A law student tries to play his cards right but instead finds himself in a downward spiral of crime and abuse in "The Past Is a Foreign Land."
A promising law student tries to play his cards right but instead finds himself in a downward spiral of crime and abuse in Daniele Vicari’s “The Past Is a Foreign Land.” Hot Italo thesp Elio Germano (“My Brother Is an Only Child”) plays a cardsharp-in-training whose association with the wrong people threatens to lead him astray. Pic’s atmosphere and acting are always involving, but a somewhat unfocused screenplay obscures the protag’s psychological journey. Local opening was modest after Rome preem, but fest dates in foreign lands could be in the cards.
At a party in the southern town of Bari, Giorgio (Germano), a law student from a good family, meets rowdy, working-class Francesco (Michele Riondino) by chance. It’s probably the last time chance is involved, as Francesco initiates Giorgio into the art of being a cardsharp and they start swindling people out of their money.
Things get out of control when the large amounts of cash in their pockets (and, in Giorgio’s, volumes of Marx and Engels, in one of pic’s rare moments of humor) lead Francesco to suggest they invest in a drug deal guaranteed to make them millionaires.
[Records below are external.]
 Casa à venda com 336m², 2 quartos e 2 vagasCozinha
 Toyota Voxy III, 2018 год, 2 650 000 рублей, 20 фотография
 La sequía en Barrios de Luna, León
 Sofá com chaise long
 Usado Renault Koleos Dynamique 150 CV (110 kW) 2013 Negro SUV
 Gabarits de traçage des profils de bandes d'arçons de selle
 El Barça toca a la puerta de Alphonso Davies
During a detour to Barcelona to seal the deal, Francesco goes off the rails, as hidden truths surface that threaten to take down Giorgio with him.
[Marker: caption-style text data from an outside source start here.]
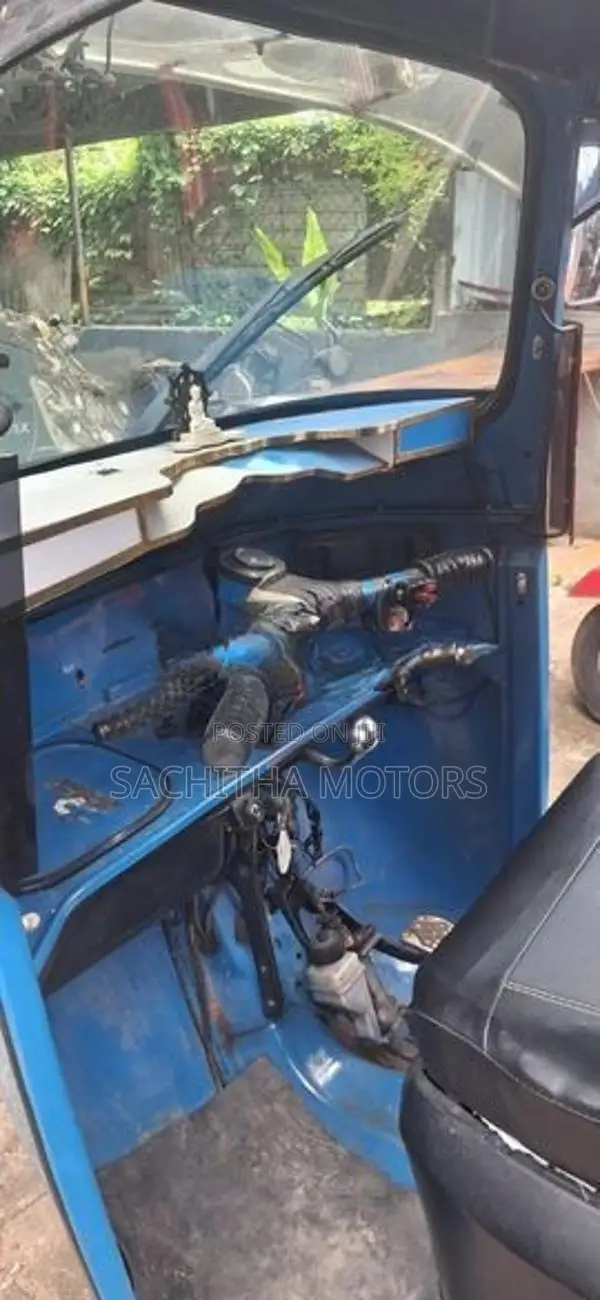 Bajaj RE 2 stroke 2005
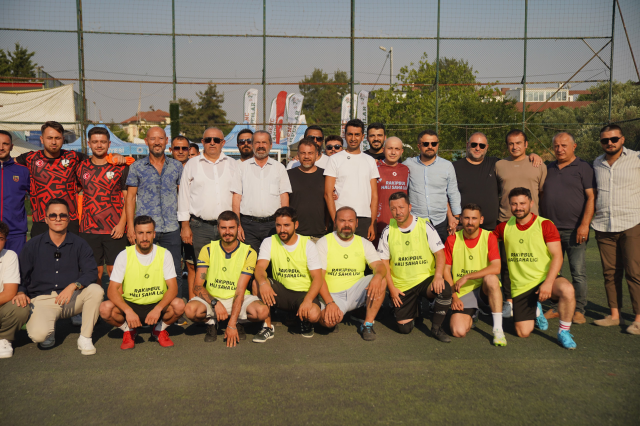 Kanseri Yenen Yasin, Halı Sahada Zaferini Kutladı
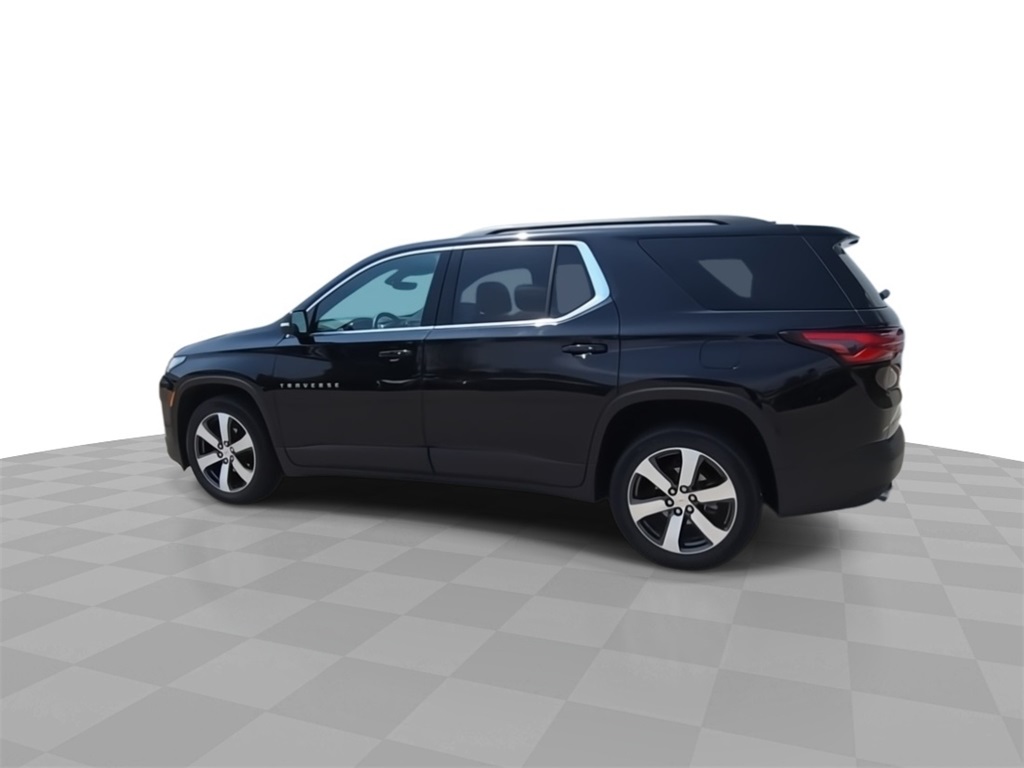 Vehicle image 8 of 38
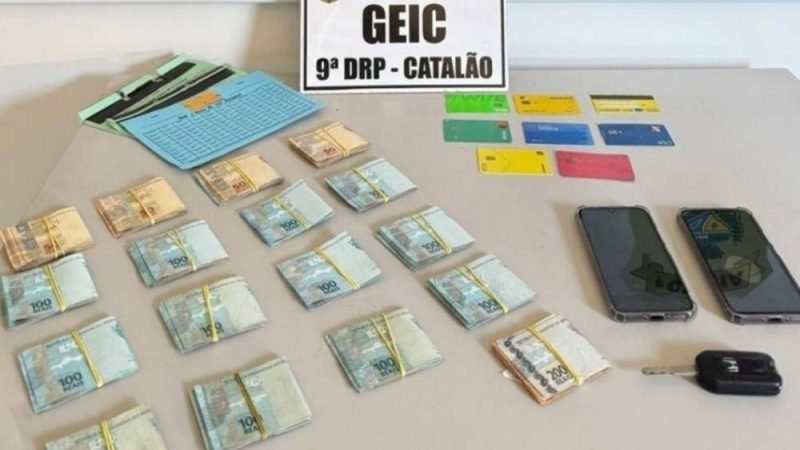 Mãe é presa suspeita de fingir câncer da filha para arrecadar doações em academias de Goiás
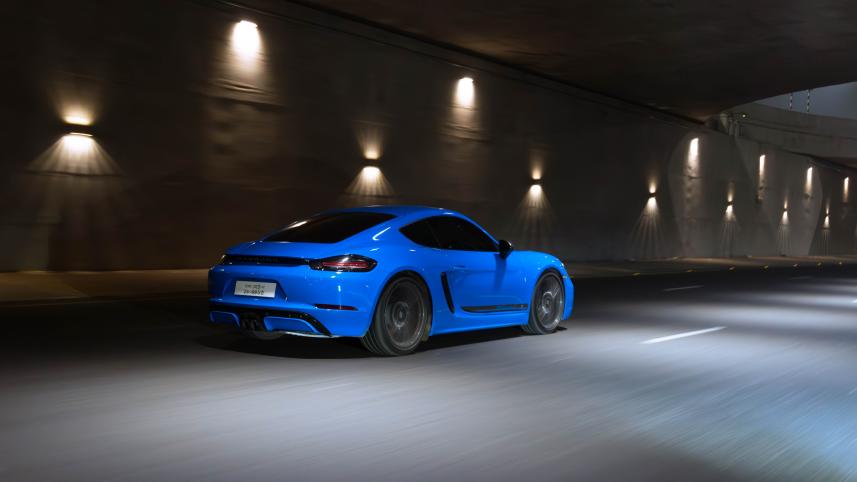 Porsche 718 Cayman T 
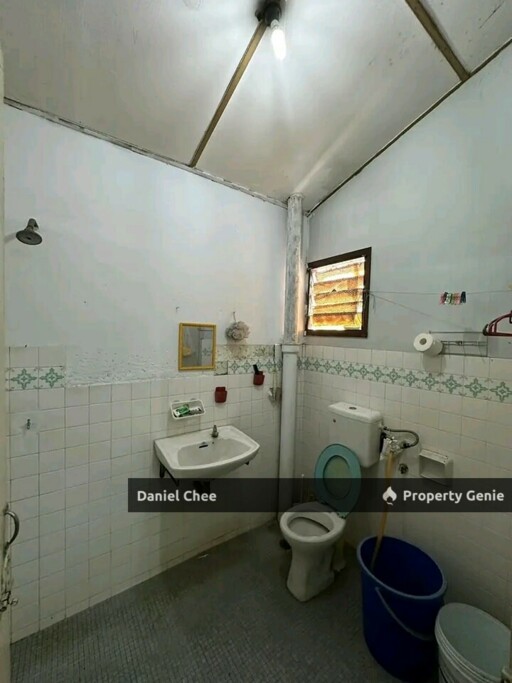 Simee Taman Wah Keong Double Storey House Partially Furnished For Rent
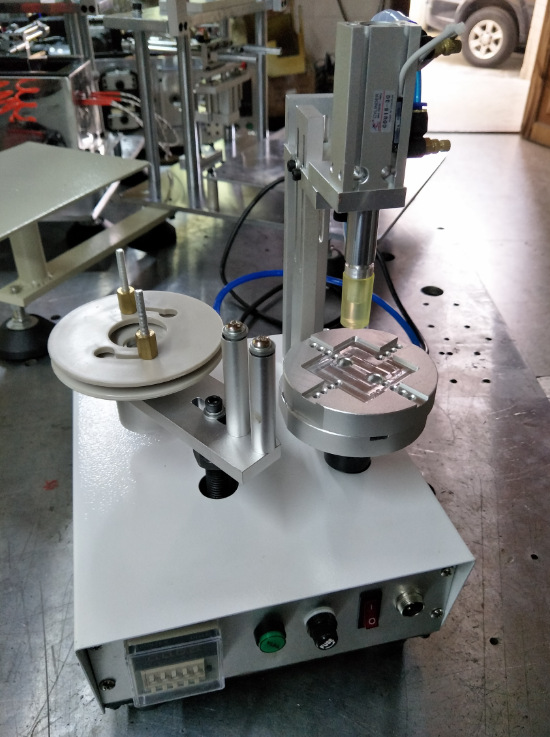 TM-1000高低频变压器磁芯线包半自动包胶机非标产品的自动包胶机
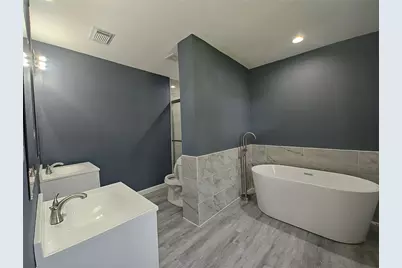 2252 Shadowdale Drive #362, Houston, TX 77043 - Photo 30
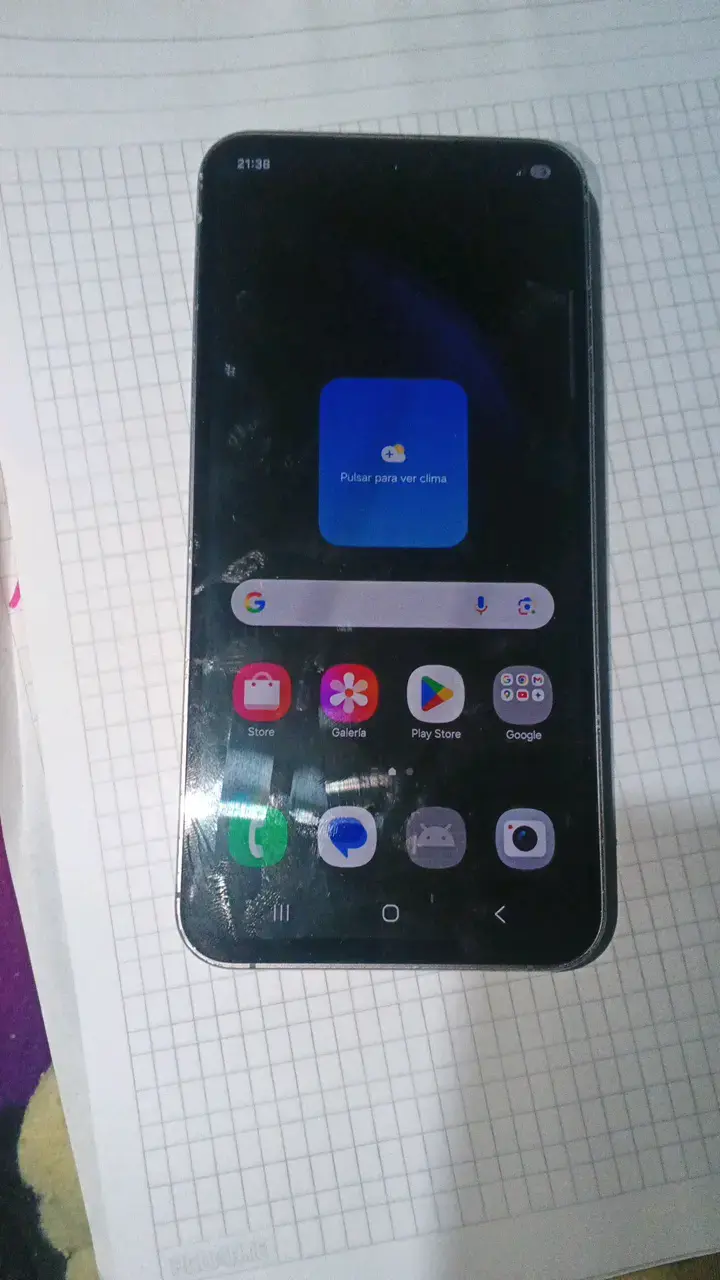 Smartphone Samsung con triple cámara trasera - 5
Pic’s screenplay — credited to four scribes, including Gianrico Carofiglio, helping adapt his own novel — is too focused on the characters’ actions and its large cast of secondary players, robbing the main characters of time to develop any psychological complexity. It’s never clear why Giorgio thinks nothing of throwing away his comfortable life and future: Is he simply bored, or does he have a wild, anarchic streak that needs to be satisfied?
Helmer Vicari oscillates between a semi-docu approach and a more expressive vein, aided by great lensing and production design (though the card-playing sequences still lack visual punch). Surprisingly, one of Italy’s finest editors, Marco Spoletini (“Gomorrah”), here seems unsure how to cobble the different strands together; the second half especially suffers from an unevenness in rhythm and tone. Rock music on the soundtrack and Theo Teardo’s pulsing score act as glue between the different components.
Germano, who again plays a gambler after his turn in “The Early Bird Catches the Worm” earlier this year, is affable but makes for a slight lawyer. Relative newcomer Riondini is also convincing, but his character is fairly one-dimensional and the revelations about his real nature feel like a last-minute narrative ploy. Chiara Caselli, as a hausfrau who moonlights as a talented card player, does a lot with very little.
Though Bari is in Italy’s deep south, accents are mostly neutral or only slight.